Joe Garcia, chancellor of the Colorado Community College System, said many community college students don’t see two-year college attendance as a viable option if they want to go to an elite school. The Colorado School of Mines at Golden caters for around 50% of all applicants and has a strong focus on science and engineering degrees, especially in specialist areas of geology, energy, and the environment.
“Now the School of Mines is saying we want your graduates to be successful,” Garcia said. “This is an important message for these students.
Garcia said he wanted the program to become a model for other four-year universities to make it easier for community college students to continue their education.
Before the deal, students could be interested in mining but not take the necessary courses, which cost them time and money.

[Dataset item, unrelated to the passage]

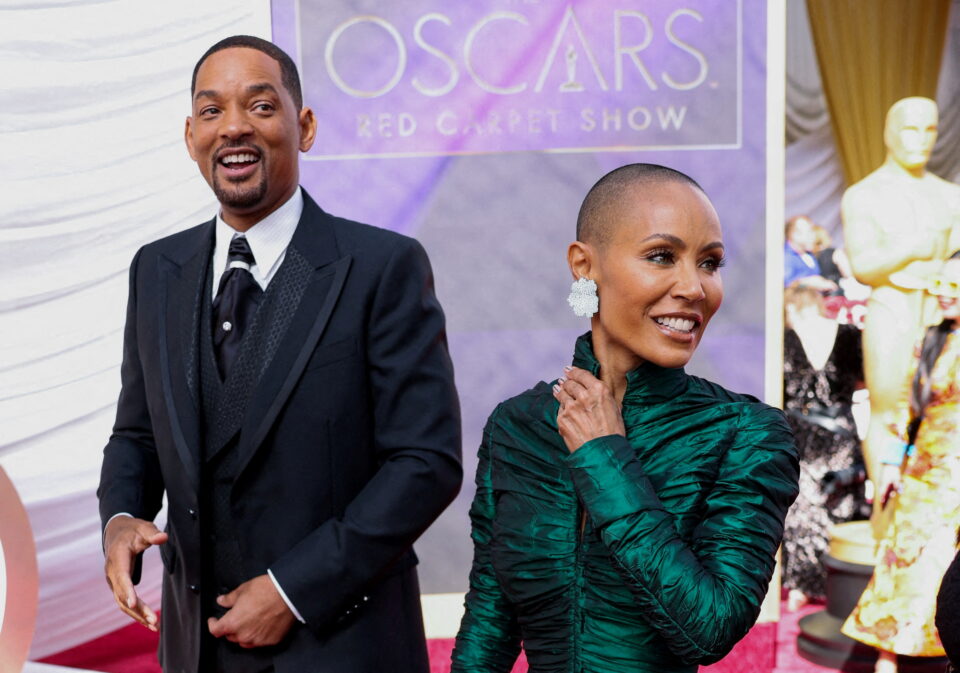 file photo: will smith and jada pinkett smith pose on the red carpet during the oscars arrivals at the 94th academy awards in hollywood, los angeles, california, u.s.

The agreement between the community college system and Mines will ensure that students obtain an associate degree that matches the education required for a Mines degree. These courses will focus heavily on math which is not generally required at many universities.
The program will not guarantee that students will secure a place in the university. But Mines admissions officers will be able to see that students who graduate from a partnership program have the skills to be successful. Students will also know that they are taking a set of courses that will transfer to a baccalaureate in mining.
“They tick all the boxes, don’t they?” Said Lori Kester, Associate Vice President of Mines for Enrollment Management. “The students did the job. We know they are ready to come [to Mines] and they will succeed.
The partnership will encourage older students, as well as a more racially diverse range of students, to apply to Mines. The Colorado Community College System educates more than 130,000 students, many of whom face greater financial barriers and are typically older and more diverse than those at four-year institutions in the state.
Colorado School of Mines President Paul Johnson said the partnership helps the school fulfill its mission of providing opportunities for Colorado students from all walks of life.
The school enrolled around 5,000 undergraduates during the 2019-2020 school year, according to recent data. Students at the school are predominantly white and under the age of 24. About 15% of all undergraduates receive Pell Scholarships, meaning if a student is in financial need. In Colorado, about 2 in 5 students are considered low income.
“Our goal is for our campus to reflect the makeup of the state, from income demographics to all other demographics,” Johnson said.
Johnson said the types of students community colleges train can make the most of a mining degree, which can come with the potential for well-paying jobs in in-demand industries. Even if these students don’t end up attending Mines, Garcia said, the associate’s degree will still open up the possibility for these students to secure high-paying jobs in engineering and science.
For the state, it’s an economic imperative, Johnson said. And industries are demanding more graduates from diverse backgrounds.
“We need to create these pathways so that all students have opportunities, because it’s not just us saying that,” he said. “This is the company. These are the industries.
Adeena Chughtai, 25, a student at Front Range Community College, said she was excited about the possibility of enrolling in Mines next spring through the program. Chughtai began his studies at the University of Colorado at Boulder after high school, but struggled. She took time off from school and then resumed her college career at Front Range several years ago.
The time spent at the community college allowed her to learn at her own pace in a smaller environment. It also helped her realize that she wanted to become a biomedical engineer.
But as an older student, transferring to some four-year-old universities – and especially Mines – can seem like an impossible task, she said.
“But knowing that the way is open and not something that is closed because you’re not 18 is just fantastic,” Chughtai said.